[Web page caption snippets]
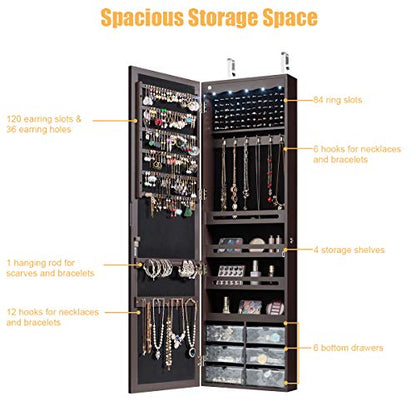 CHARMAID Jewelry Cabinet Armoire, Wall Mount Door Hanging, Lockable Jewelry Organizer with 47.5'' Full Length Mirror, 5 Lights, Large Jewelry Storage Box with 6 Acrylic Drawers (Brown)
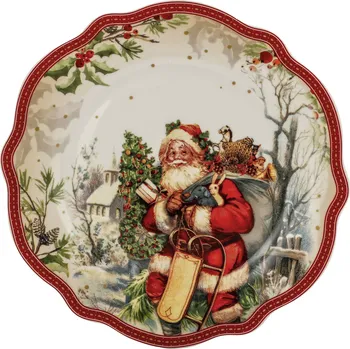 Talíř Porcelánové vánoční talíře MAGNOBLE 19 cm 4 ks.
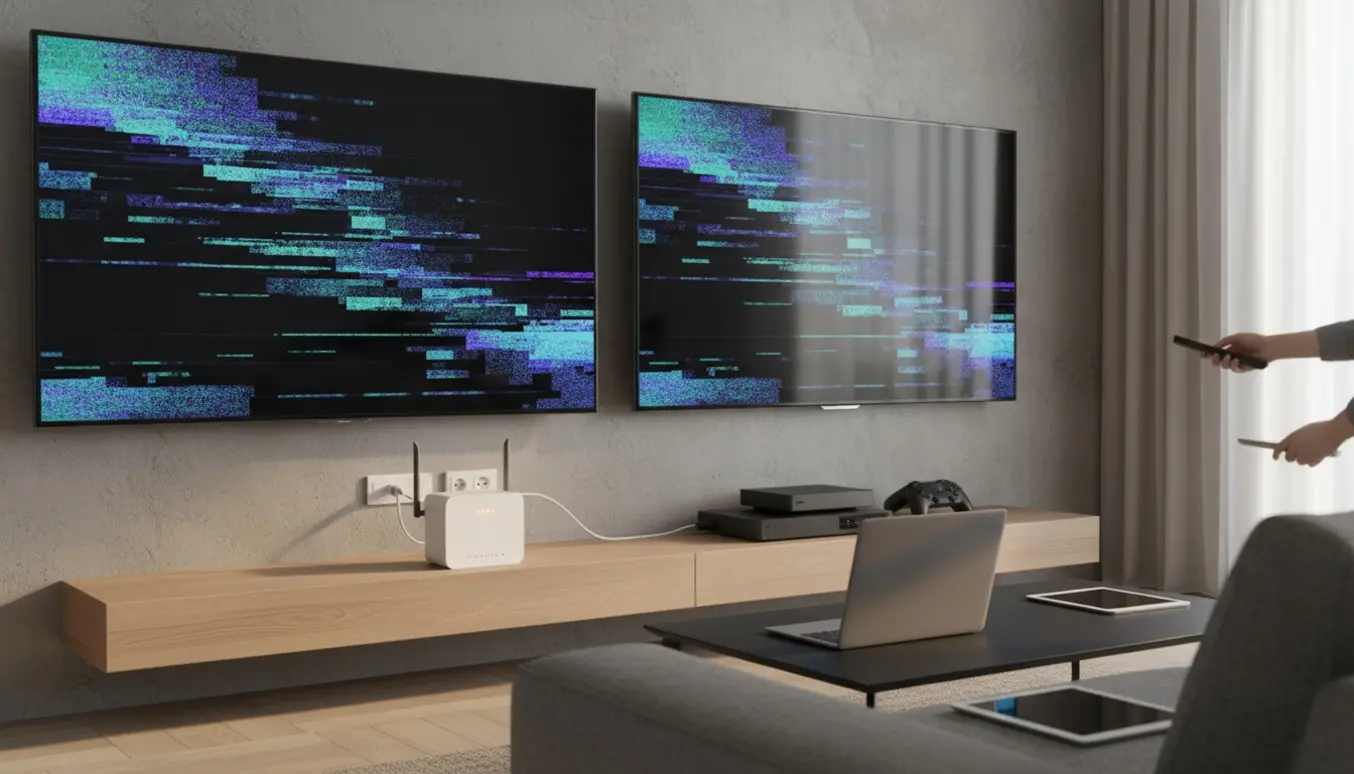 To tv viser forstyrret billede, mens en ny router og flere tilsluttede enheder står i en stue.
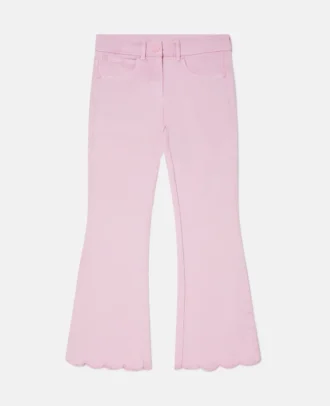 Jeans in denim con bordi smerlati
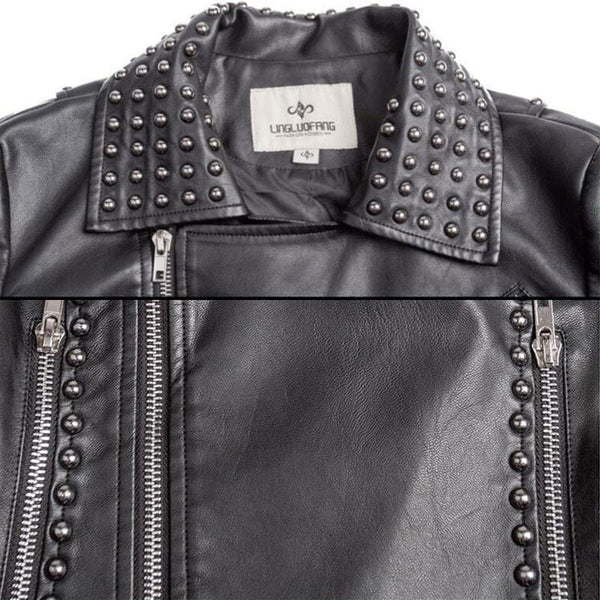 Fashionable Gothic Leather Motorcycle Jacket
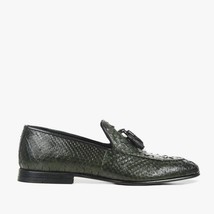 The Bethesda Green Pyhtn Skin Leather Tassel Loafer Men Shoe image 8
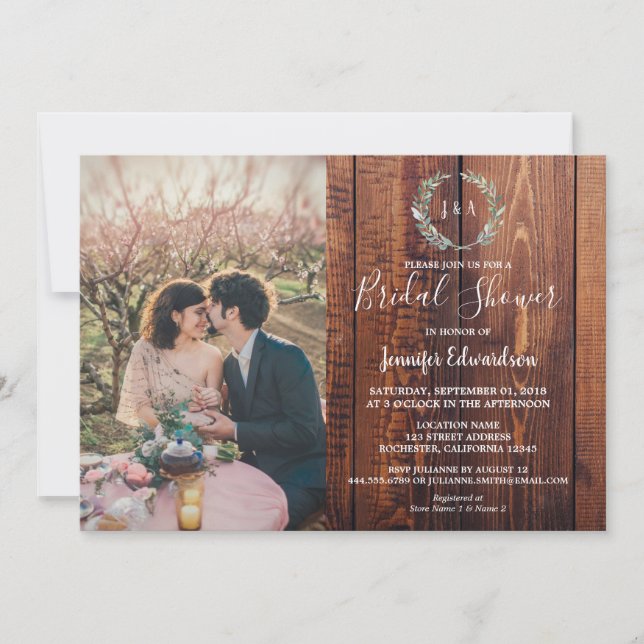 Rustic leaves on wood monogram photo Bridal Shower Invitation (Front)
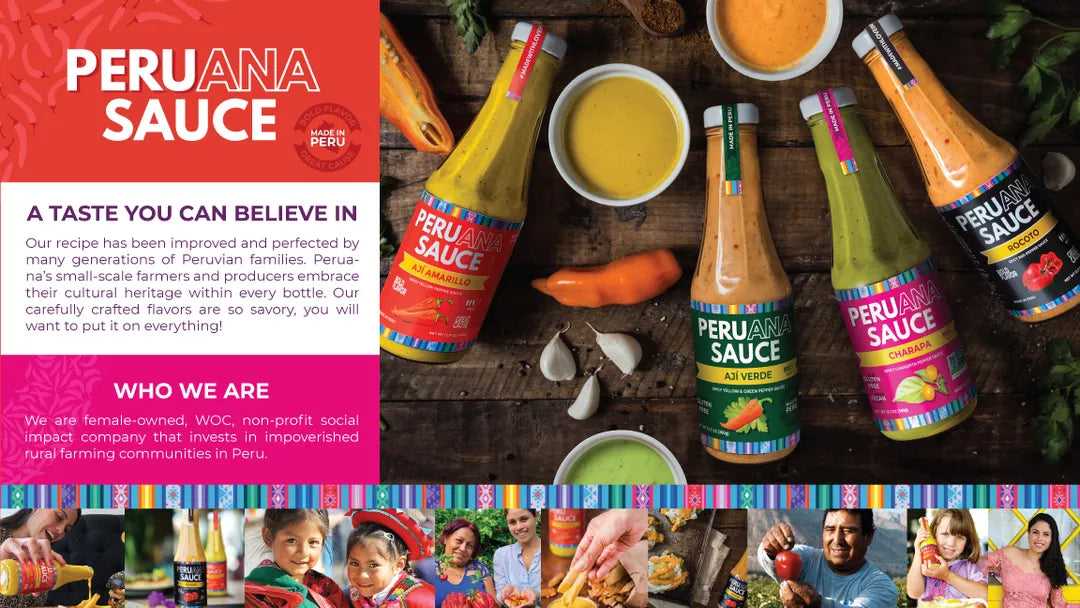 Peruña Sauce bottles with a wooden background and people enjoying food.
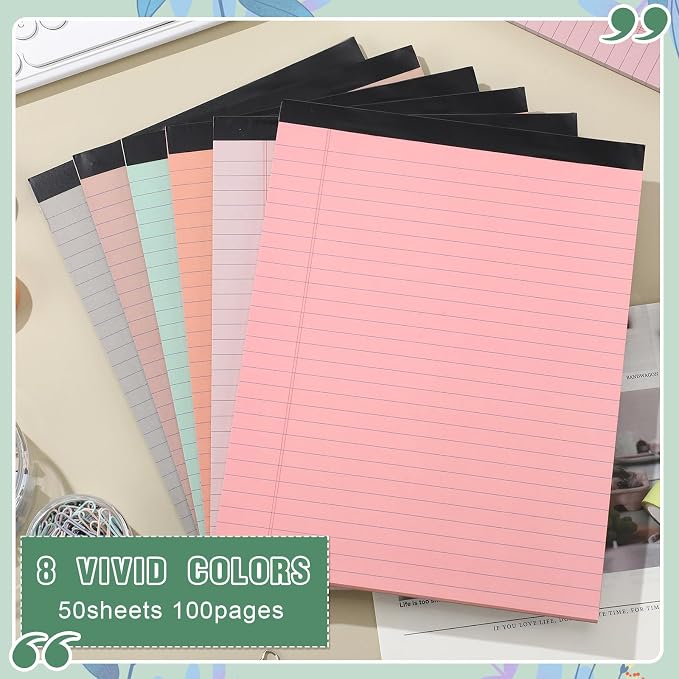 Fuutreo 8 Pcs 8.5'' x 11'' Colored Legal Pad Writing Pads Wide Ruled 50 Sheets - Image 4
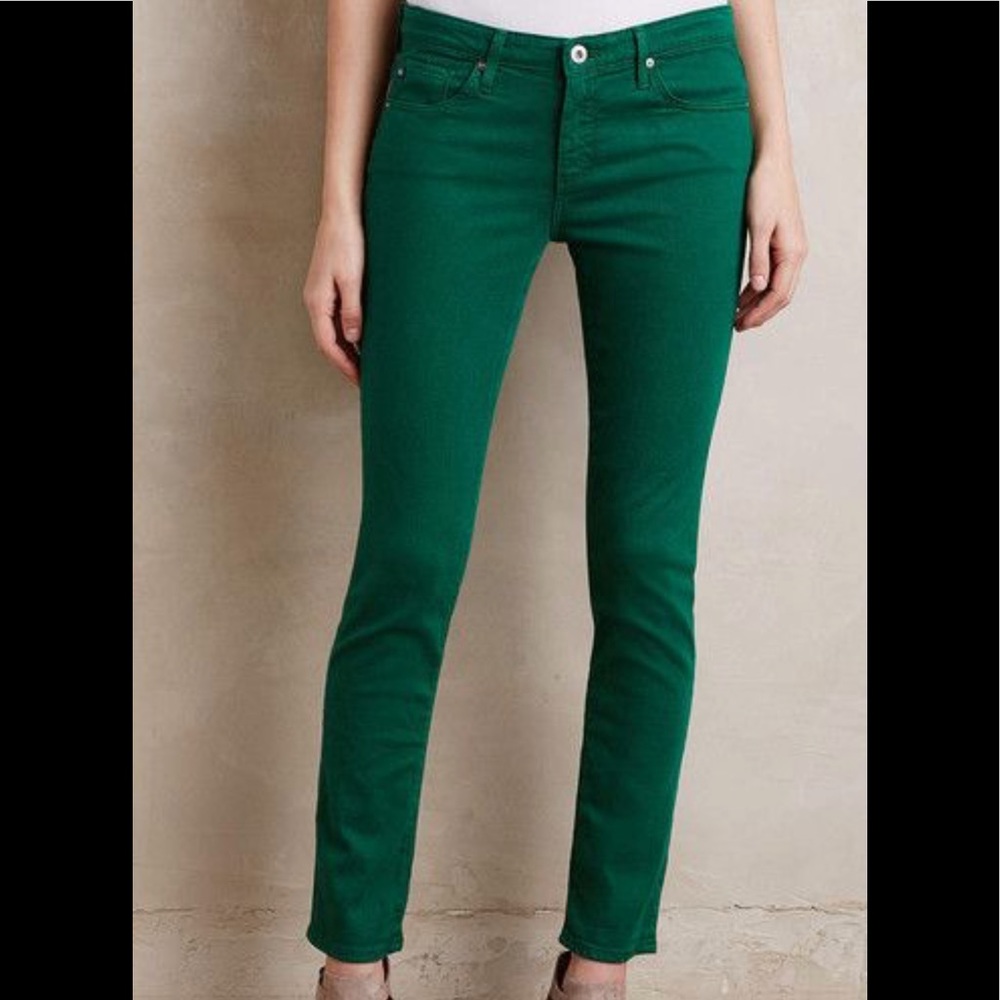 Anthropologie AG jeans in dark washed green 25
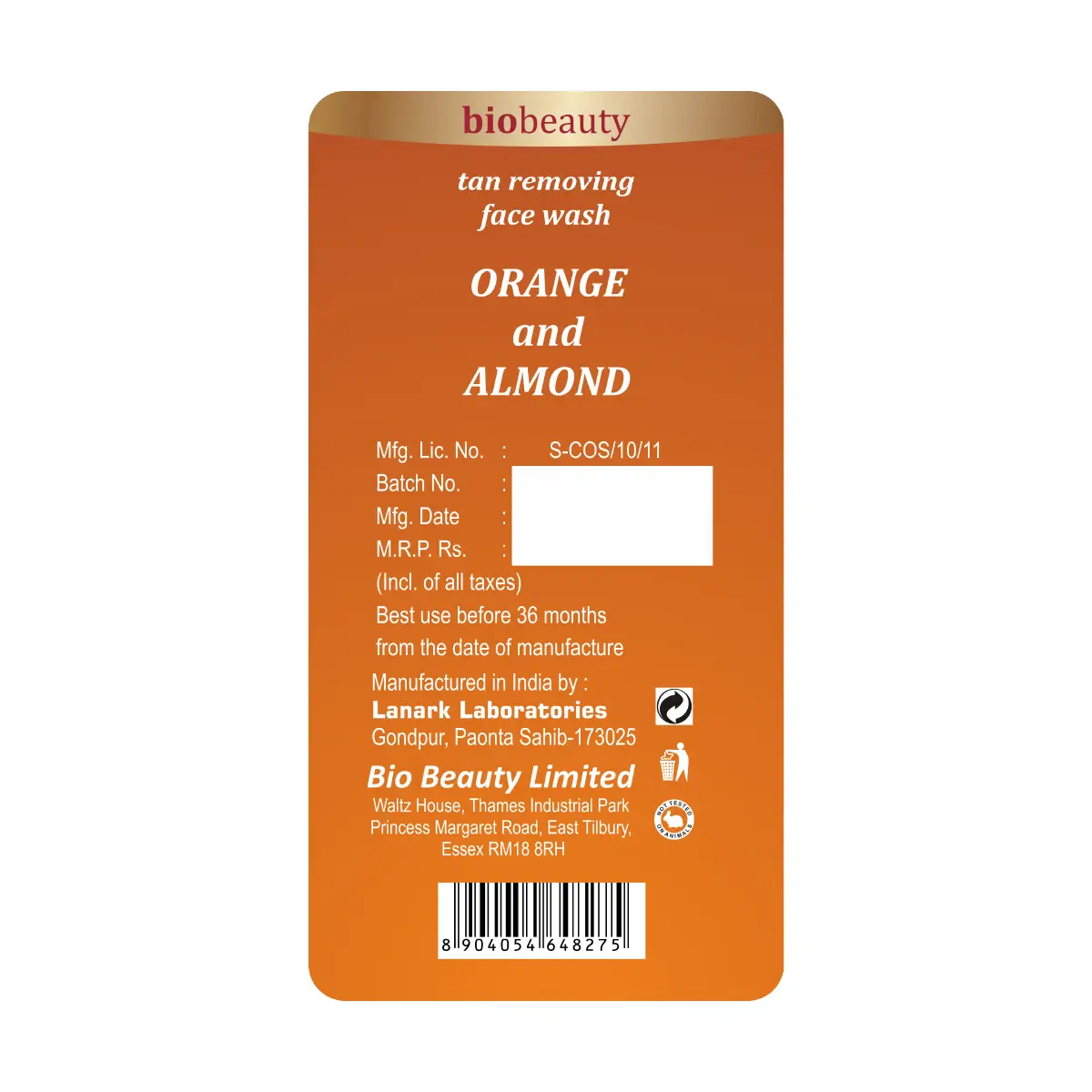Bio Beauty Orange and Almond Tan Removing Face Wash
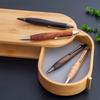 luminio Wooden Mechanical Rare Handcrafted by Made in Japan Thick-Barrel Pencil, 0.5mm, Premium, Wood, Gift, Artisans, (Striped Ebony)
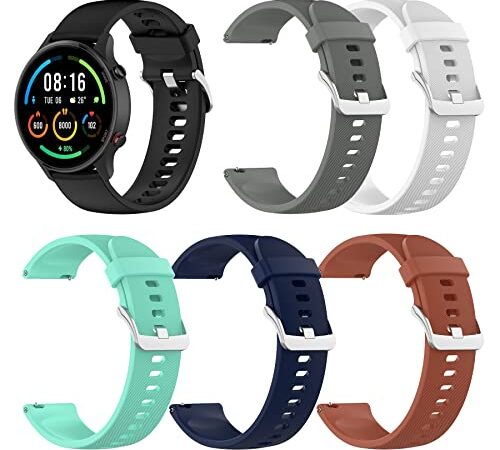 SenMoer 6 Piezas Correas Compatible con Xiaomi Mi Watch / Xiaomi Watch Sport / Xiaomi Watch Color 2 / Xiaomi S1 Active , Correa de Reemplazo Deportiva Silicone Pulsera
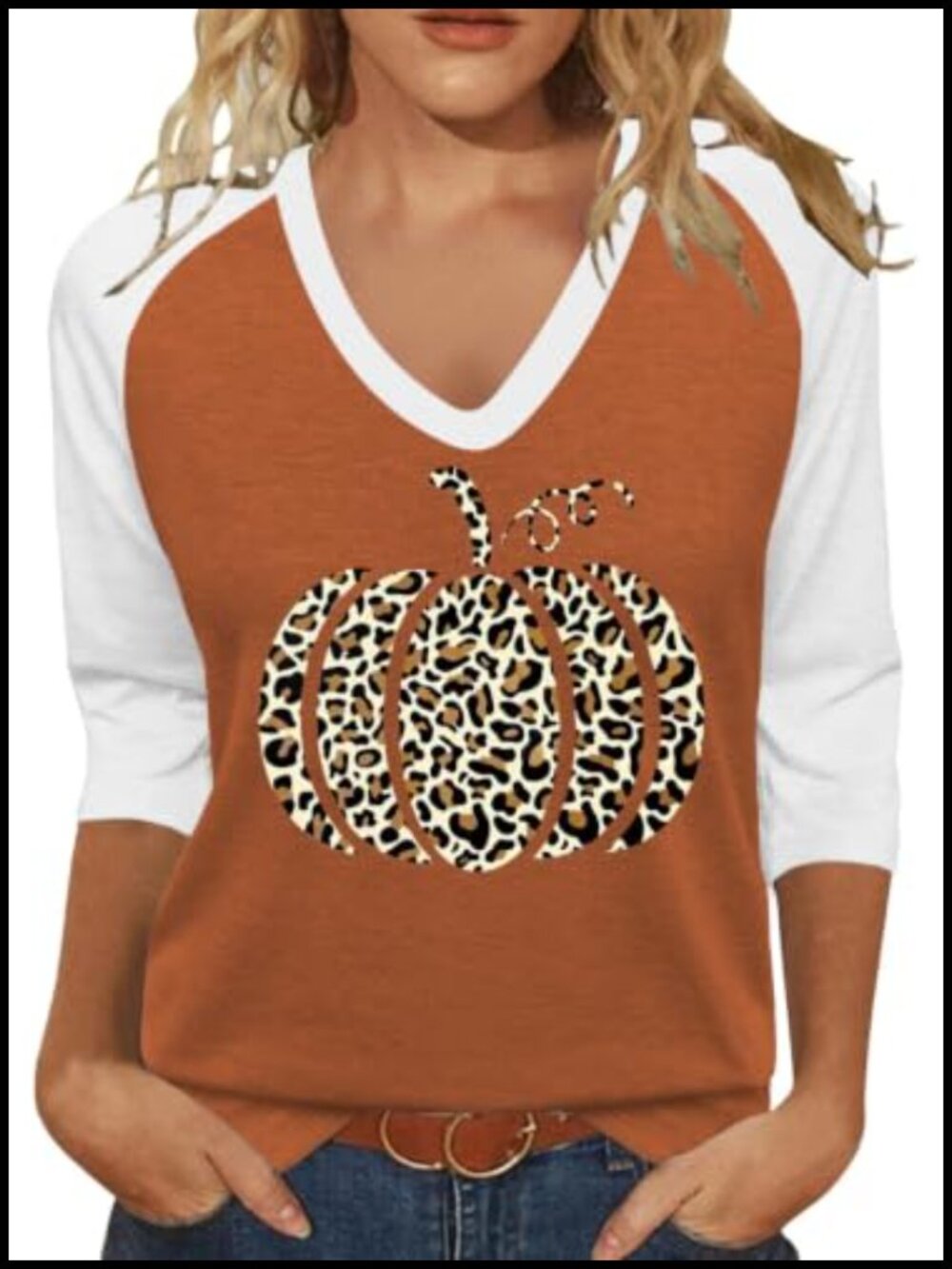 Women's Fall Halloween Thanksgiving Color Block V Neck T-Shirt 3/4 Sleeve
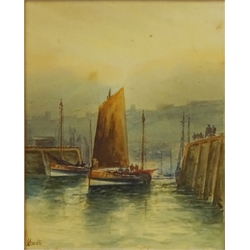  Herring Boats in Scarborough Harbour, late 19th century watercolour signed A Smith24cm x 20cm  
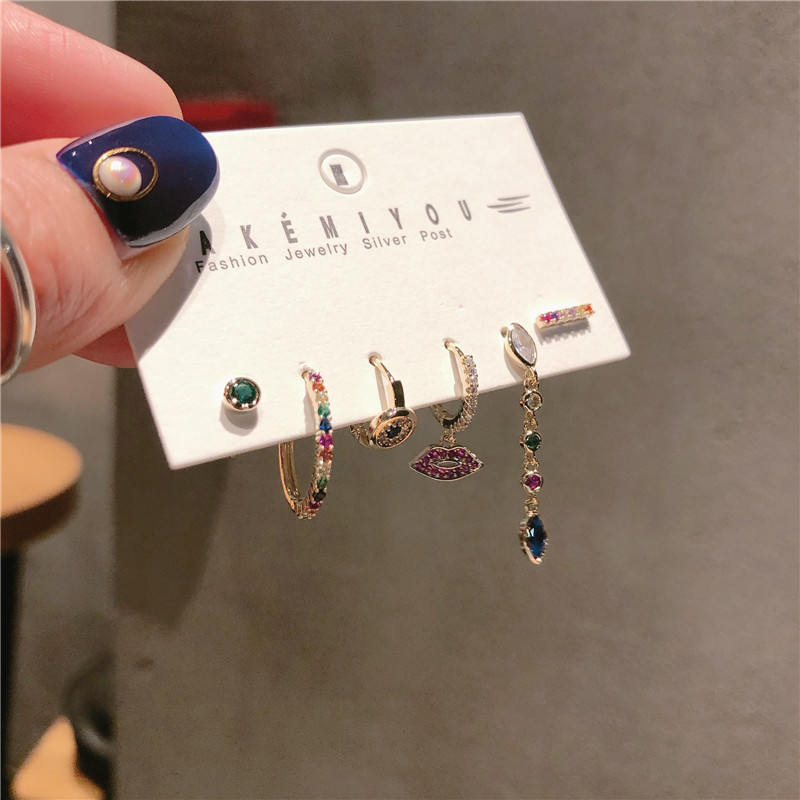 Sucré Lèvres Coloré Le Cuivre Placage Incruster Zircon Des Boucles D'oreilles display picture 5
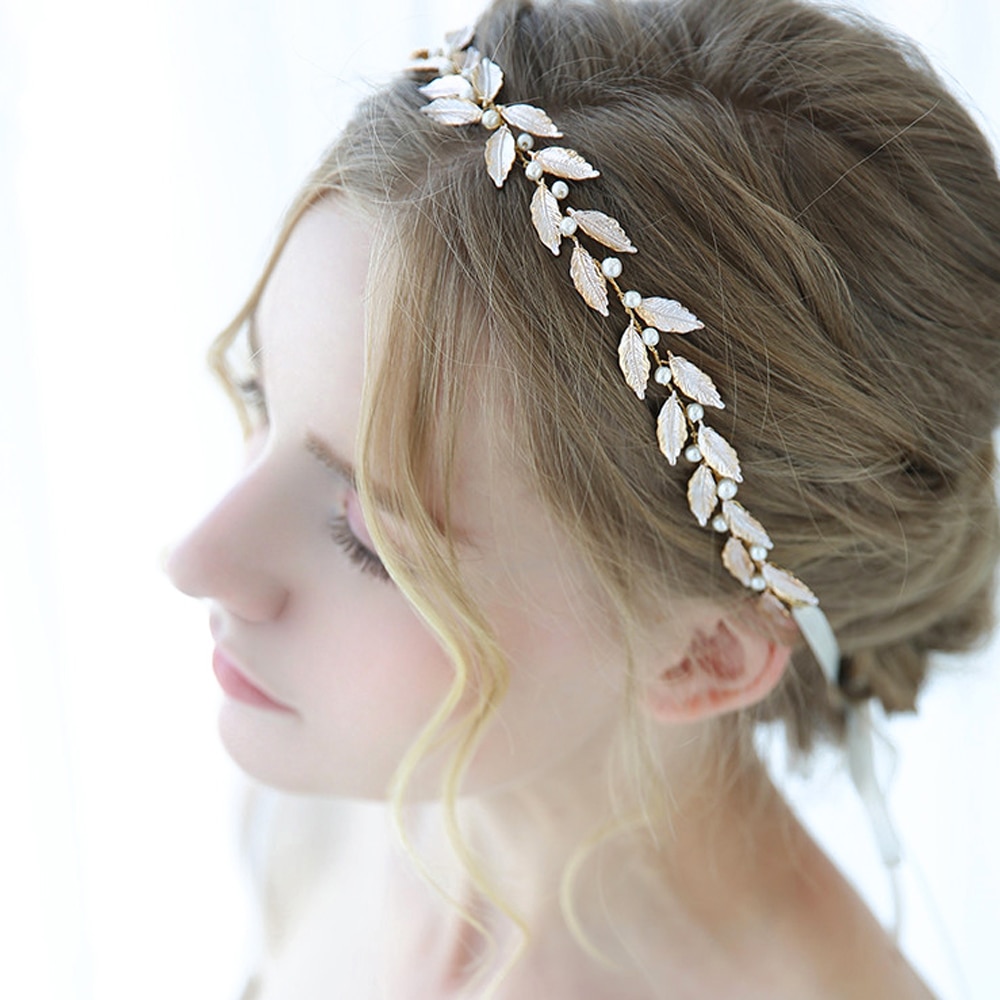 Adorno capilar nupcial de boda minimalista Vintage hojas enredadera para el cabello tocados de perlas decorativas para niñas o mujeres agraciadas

* _Description of the task_: Exactly the lines from the one containing "Fuutreo 8 Pcs" to the final line of the entries are wanted; please write them out, both ends included, but not the pictures.

* _Task response_:
 Fuutreo 8 Pcs 8.5'' x 11'' Colored Legal Pad Writing Pads Wide Ruled 50 Sheets - Image 4
 Anthropologie AG jeans in dark washed green 25
Bio Beauty Orange and Almond Tan Removing Face Wash
 luminio Wooden Mechanical Rare Handcrafted by Made in Japan Thick-Barrel Pencil, 0.5mm, Premium, Wood, Gift, Artisans, (Striped Ebony)
 SenMoer 6 Piezas Correas Compatible con Xiaomi Mi Watch / Xiaomi Watch Sport / Xiaomi Watch Color 2 / Xiaomi S1 Active , Correa de Reemplazo Deportiva Silicone Pulsera
 Women's Fall Halloween Thanksgiving Color Block V Neck T-Shirt 3/4 Sleeve
  Herring Boats in Scarborough Harbour, late 19th century watercolour signed A Smith24cm x 20cm  
 Sucré Lèvres Coloré Le Cuivre Placage Incruster Zircon Des Boucles D'oreilles display picture 5
 Adorno capilar nupcial de boda minimalista Vintage hojas enredadera para el cabello tocados de perlas decorativas para niñas o mujeres agraciadas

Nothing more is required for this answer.